Thread: warm standby replication safe failover

warm standby replication safe failover

From
Andrew Puschak
Date:
Hi!

I'm new here and have a question. I'm working on a replacement PostgreSQL 8.4 setup for a small company. They now have a Primary postgres server and 2 secondaries which are replicated using Slony-I, however the consulting company that set it up is afraid to failover and keeping Slony running is taking lots of resources.

The server processes IVR phone calls so it must be quick and have high availability.

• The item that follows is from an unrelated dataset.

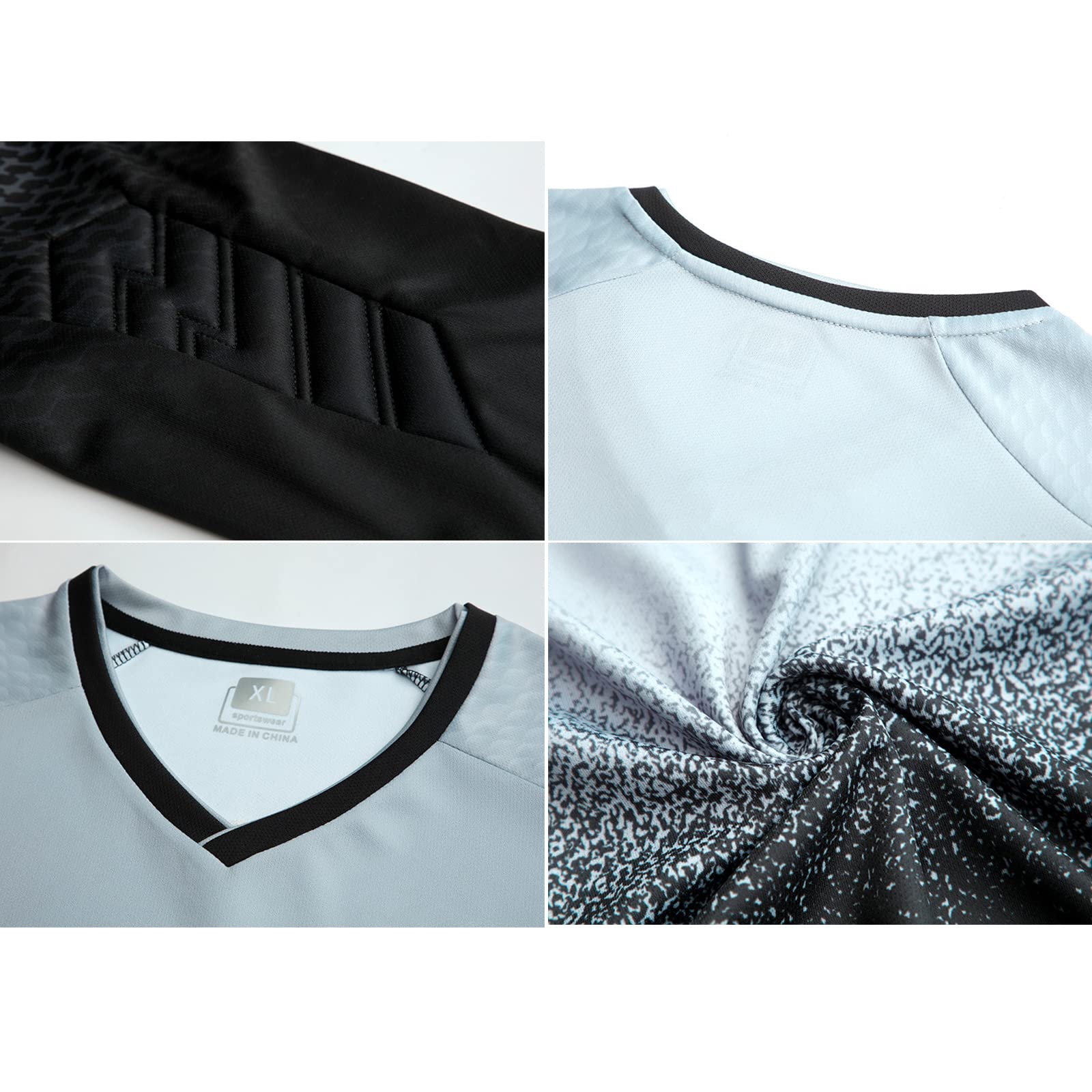 Maglia da Portiere da Calcio per Bambini da Uomo, Maglia da Portiere Set da Donna Manica Lunga E Pantaloni Maglia Personalizzata Personalizzata con Nome + Numero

I'm setting up a replacement group of physical servers that we can migrate the data over to piece by piece. Since it is a small company, they've agreed that Slony has been too complicated and that in an emergency failover 1 to 5 minutes of lost data is acceptable and quickly having another server available is more important. I can setup 3 separate servers at 3 separate physical locations parallel to the current production servers.

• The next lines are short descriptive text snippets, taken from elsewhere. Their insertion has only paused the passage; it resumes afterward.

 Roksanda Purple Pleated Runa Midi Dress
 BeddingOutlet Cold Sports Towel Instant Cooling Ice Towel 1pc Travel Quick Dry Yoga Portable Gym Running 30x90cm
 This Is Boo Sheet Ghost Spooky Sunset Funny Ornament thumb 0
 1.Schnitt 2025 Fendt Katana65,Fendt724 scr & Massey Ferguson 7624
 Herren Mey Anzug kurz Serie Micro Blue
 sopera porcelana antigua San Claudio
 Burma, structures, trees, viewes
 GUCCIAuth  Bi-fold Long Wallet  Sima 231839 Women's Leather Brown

I'm testing a setup with a primary server, which has archiving turned on and rsync's over ssh the WAL log files to a secondary server. The secondary server is running pg_standby and waiting for a trigger. A third server will just accept nightly dumps of the primary to keep load down on the primary using a cronjob. The third server will be up to 1 day old with the dumps, but ready to go in case of primary and secondary failure as well as 1 day historical dumps in case we need any old data.

My question is how to safely failover between Primary and Secondary servers in this warm standby setup without loosing any data? I'd like to switch back and forth periodically to ensure we can trigger a failover in an emergency. Using the trigger file on the Secondary, we could loose up to 5 minutes of data since the WAL files are only rotated every 5 minutes, even though archive_timeout = 60. I saw a blog that mentioned copying the pg_xlog files from the Primary to the Secondary in addition to pg_standby, but I'm unsure if this will make sure we have 100% of our data. I tried this, put data in at each step and recovered all the data, but I'm unsure if the process ensures that no data is lost.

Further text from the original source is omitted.